Craigflower Preparatory School was a private preparatory school for boys at Torryburn near Dunfermline, Scotland.

==History==
Craigflower Preparatory School was established at Craigflower House, Torryburn, near Dunfermline, Fife in 1923. (Craigflower House was built in 1860 by David Bryce who designed Fettes College and the Bank of Scotland headquarters on The Mound in Edinburgh.)

The school's founder, F.G. Wailes, was educated at Malvern College and Emmanuel College, Cambridge and was Joint Headmaster at St Ninian's School, Moffat from 1913 to 1923. As of July 1946 there were reportedly 55 boys in attendance at the school. He was succeeded by John Stephens who ran the school until 1968 assisted by his wife Veronica, when Mark Reynolds succeeded.

Craigflower School closed in December 1979 with two masters and most of the boys transferring to Cargilfield Preparatory School in Edinburgh.
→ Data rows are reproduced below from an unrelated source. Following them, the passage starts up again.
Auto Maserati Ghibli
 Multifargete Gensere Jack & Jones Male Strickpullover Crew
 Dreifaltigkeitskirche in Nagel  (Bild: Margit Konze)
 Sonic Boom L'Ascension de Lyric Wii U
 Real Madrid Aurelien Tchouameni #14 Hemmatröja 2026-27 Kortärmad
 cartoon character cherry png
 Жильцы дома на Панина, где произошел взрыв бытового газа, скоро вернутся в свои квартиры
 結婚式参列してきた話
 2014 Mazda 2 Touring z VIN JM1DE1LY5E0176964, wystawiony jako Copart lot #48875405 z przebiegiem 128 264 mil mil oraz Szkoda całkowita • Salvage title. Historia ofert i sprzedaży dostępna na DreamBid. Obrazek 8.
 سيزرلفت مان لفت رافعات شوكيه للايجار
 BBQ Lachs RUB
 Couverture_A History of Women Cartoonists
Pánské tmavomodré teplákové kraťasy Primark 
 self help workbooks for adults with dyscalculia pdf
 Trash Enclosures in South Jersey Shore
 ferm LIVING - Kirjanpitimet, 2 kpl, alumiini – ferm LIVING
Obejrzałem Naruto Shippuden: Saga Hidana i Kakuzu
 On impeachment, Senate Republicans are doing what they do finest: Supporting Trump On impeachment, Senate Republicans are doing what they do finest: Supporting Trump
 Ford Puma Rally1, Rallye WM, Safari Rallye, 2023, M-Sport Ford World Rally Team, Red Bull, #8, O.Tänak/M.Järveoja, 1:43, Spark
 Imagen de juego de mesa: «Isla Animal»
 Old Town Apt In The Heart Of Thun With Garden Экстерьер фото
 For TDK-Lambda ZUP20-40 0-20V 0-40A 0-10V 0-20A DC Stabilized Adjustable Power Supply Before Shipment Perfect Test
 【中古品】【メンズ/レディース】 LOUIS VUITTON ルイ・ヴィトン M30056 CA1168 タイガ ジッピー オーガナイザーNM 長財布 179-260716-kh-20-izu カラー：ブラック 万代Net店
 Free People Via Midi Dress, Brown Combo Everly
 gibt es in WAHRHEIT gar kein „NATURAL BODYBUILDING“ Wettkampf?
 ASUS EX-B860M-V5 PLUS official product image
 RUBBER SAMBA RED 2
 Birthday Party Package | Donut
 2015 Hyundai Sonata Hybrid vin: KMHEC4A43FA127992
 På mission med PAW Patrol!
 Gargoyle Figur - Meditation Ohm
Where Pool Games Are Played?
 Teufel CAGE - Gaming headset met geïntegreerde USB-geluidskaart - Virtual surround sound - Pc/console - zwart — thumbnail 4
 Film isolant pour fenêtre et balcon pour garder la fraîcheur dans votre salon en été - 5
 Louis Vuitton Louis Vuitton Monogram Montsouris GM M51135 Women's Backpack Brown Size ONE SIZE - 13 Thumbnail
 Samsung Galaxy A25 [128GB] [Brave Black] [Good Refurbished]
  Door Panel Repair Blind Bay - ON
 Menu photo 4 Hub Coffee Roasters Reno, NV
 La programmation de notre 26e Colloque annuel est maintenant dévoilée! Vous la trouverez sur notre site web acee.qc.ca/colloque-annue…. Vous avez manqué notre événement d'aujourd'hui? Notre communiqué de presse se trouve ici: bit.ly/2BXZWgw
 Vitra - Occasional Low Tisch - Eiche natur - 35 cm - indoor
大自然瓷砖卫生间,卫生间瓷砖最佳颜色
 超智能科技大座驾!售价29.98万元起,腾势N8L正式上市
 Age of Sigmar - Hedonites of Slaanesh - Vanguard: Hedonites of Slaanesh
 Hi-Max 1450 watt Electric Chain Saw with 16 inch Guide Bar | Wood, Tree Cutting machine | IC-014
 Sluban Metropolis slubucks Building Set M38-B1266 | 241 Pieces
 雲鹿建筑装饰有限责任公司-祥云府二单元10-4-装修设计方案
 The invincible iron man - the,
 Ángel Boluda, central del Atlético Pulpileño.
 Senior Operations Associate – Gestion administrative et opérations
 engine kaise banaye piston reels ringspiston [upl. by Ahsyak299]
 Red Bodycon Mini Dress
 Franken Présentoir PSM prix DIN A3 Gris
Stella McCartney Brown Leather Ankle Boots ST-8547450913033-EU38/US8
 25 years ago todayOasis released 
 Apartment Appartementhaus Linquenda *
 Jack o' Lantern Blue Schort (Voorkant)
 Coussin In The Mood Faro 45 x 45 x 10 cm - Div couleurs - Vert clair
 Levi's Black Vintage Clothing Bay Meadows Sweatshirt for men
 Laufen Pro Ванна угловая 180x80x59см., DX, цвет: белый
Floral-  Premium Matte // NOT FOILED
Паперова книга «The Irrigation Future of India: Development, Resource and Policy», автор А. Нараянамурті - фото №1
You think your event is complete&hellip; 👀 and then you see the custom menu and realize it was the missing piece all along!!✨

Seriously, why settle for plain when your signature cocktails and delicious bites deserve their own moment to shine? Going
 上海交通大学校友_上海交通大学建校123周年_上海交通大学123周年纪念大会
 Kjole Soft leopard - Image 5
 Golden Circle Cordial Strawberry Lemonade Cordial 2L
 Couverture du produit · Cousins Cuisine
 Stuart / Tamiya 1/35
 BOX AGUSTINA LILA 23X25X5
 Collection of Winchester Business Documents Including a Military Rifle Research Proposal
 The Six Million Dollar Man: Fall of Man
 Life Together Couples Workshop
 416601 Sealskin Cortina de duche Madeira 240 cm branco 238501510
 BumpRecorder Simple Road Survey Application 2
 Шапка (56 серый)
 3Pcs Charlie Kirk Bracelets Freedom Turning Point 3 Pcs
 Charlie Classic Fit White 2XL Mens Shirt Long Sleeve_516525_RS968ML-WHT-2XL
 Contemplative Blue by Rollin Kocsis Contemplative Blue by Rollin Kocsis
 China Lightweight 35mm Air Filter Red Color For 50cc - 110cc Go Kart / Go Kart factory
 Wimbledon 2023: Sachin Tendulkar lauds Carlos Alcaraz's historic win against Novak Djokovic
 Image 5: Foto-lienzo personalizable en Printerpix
The Cargilfield school library contains two silver plaques from Craigflower, the Webster plaque and the Stewart shield for head of school. The Craigflower School war memorial was moved into Torryburn Parish Church following the renovation of Craigflower House into 12 separate properties in 2000.

==Notable alumni==

- Major General Robert Maxwell Johnstone (1914–1990), senior British Army officer.
- Hugh Malcolm (1917–1942), Royal Air Force officer, recipient of the Victoria Cross.
- Rear-Admiral Andrew 'Jock' Miller (1926-1986), senior Royal Navy officer.
- David Hannay, Baron Hannay of Chiswick (born 1935), diplomat.
- Michael Fallon (born 1952), Conservative politician and Member of Parliament for Sevenoaks.
- Anthony Reid (born 1957), auto racing driver.*
- Danny Kinahan (born 1958), Ulster Unionist Party Politician and MP for South Antrim
- Andrew Marr (born 1959), broadcaster and journalist.
- Torquhil Campbell, 13th Duke of Argyll (born 1968), landowner and Chief of Clan Campbell.